While we do try to minimize noise, by taking precautions like tracking keywords via the same IP, at roughly the same time of day, with settings delocalized and depersonalized, it is possible that the noise is an artifact of how the system works. For example, Google uses highly distributed data – even if I hit the same regional data center most days, it could be that the data itself is in flux as new information propagates and centers update themselves. In other words, even if the algorithm doesn’t change and the websites don’t change, the very nature of Google’s complexity could create a perpetual state of change.
How Do We Sort It Out?
I decided to try a little experiment. If Google is really just adding noise to the system – shuffling rankings slightly to keep SEOs guessing – then we’d expect to see a fairly similar baseline pattern regardless of the keyword. We also might see different patterns over time – while MozCast is based on 24-hour intervals, there’s no reason we can’t check in more often.

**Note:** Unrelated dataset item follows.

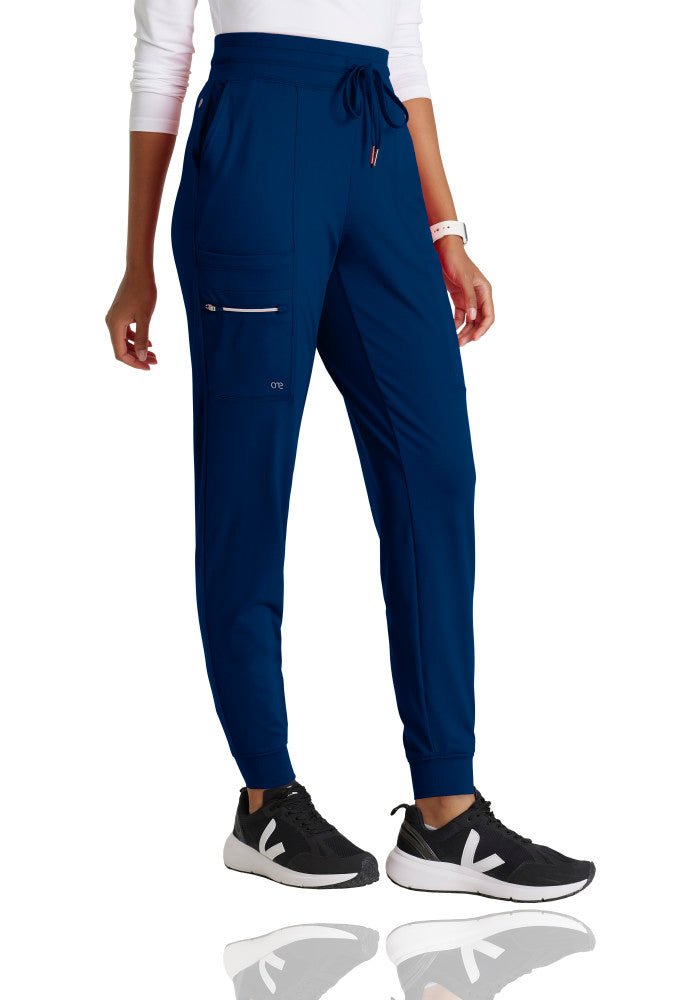 Pro Knit 5 - Pocket Drawcord Waist Jogger Scrub PantBarco One Performance KnitBOP631-INDIGO-XXS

So, I ran a 7-day crawl for just three keywords, checking each of them every 10 minutes, resulting in 1,008 data points per keyword. For simplicity, I chose the keyword with the highest flux over the previous 30 days, the lowest flux, and one right in the middle (the median, in this case). Here are the three keywords and their MozCast temperatures for the 30 days in question:
- “new xbox” – 176°F
- “blood pressure chart” – 67°F
- “fun games for girls” – 12°F
Xbox queries run pretty hot, to put it mildly. The 7-day data was collected in late September and early October. Like the core MozCast engine, the Top 10 SERPs were crawled and recorded, but unlike MozCast, the crawler fired every 10 minutes.

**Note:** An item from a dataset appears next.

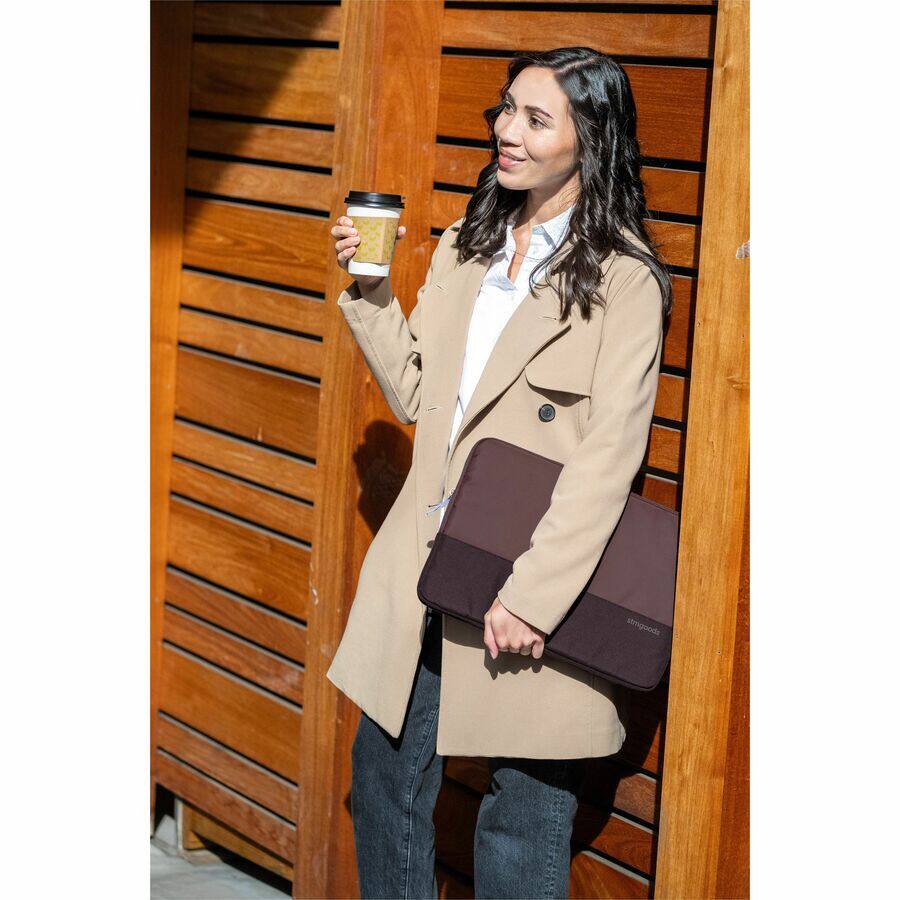 Alt View 1. STM - STM Goods Origin Carrying Case (Sleeve) for 15" to 16" Apple MacBook Pro - Lilac Plum - Shock Absorbing - Polyester Body - Lilac Plum.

Experiment #1: 10-minute Flux
Let’s get the big question out of the way first – Was the rate of change for these keywords similar or different? You might expect (1) “new xbox” to show higher flux when it changes, but if Google was injecting randomness then it should change roughly as often, in theory. Over the 1,008 measurements for each keyword, here’s how often they changed:
- 555 – “new xbox”
- 124 – “blood pressure chart”
- 40 – “fun games for girls”
While three keywords isn’t enough data to do compelling statistics, the results are striking. The highest flux keyword changed 55% of the times we measured it, or roughly every 20 minutes. Either Google is taking into account new data that’s rapidly changing (content, links, SEO tweaks), or high-flux keywords are just inherently different beasts. The simple “random injection” model just doesn’t hold up, though. The lowest flux keyword only changed 4% of the times we measured it. If Google were moving the football every time we tried to kick it, we’d expect to see a much more consistent rate of change.

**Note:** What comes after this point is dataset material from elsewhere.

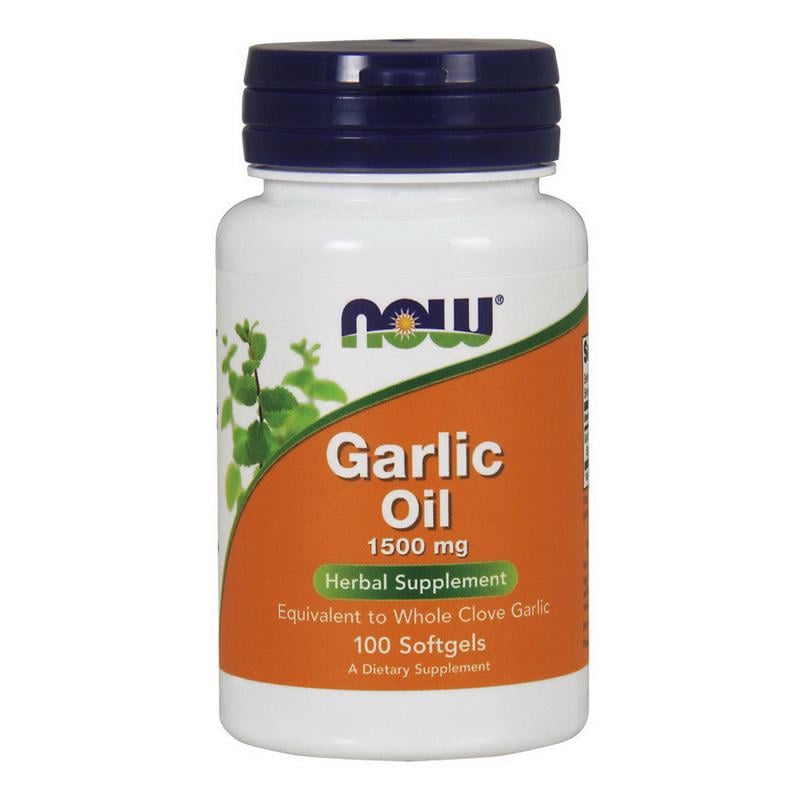 Часник NOW Garlic Oil 1500 mg 100 м'яких капс.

If we look at the temperature (a la MozCast) for “new xbox” across these micro-fluxes (only counting intervals where something changed), it averaged about 93°F, high but considerably less than the average 24-hour flux. This could be evidence that something about the sites themselves is changing at a steady rate (the more time passes, the more they change).
Keep in mind that “new xbox” almost definitely has QDF (query deserves freshness) in play, as the Top 10 is occupied by major players with constantly updated content – including Forbes, CS Monitor, PC World, Gamespot, and IGN. This is a naturally dynamic query.
Experiment #2: Data Center Flux
Experiment #1 maintained consistency by checking each keyword from the same IP address (to avoid the additional noise of changing data centers). While it seems unlikely that the three keywords would vary so much simply because of data center differences, I decided to run a follow up test to measure just “new xbox” every 10 minutes for a single day (144 data points) across two different data centers.
Across the two data centers, the rate of change was similar but even higher than the original experiment: (1) 98 changes in 144 measurements = 68% and (2) 104 changes = 72%. This may have just been an unusually high-flux day. We’re mostly interested in the differences across these two data sets. Average temperature for recorded changes was (1) 121°F and (2) 118°F, both higher than experiment #1 but roughly comparable.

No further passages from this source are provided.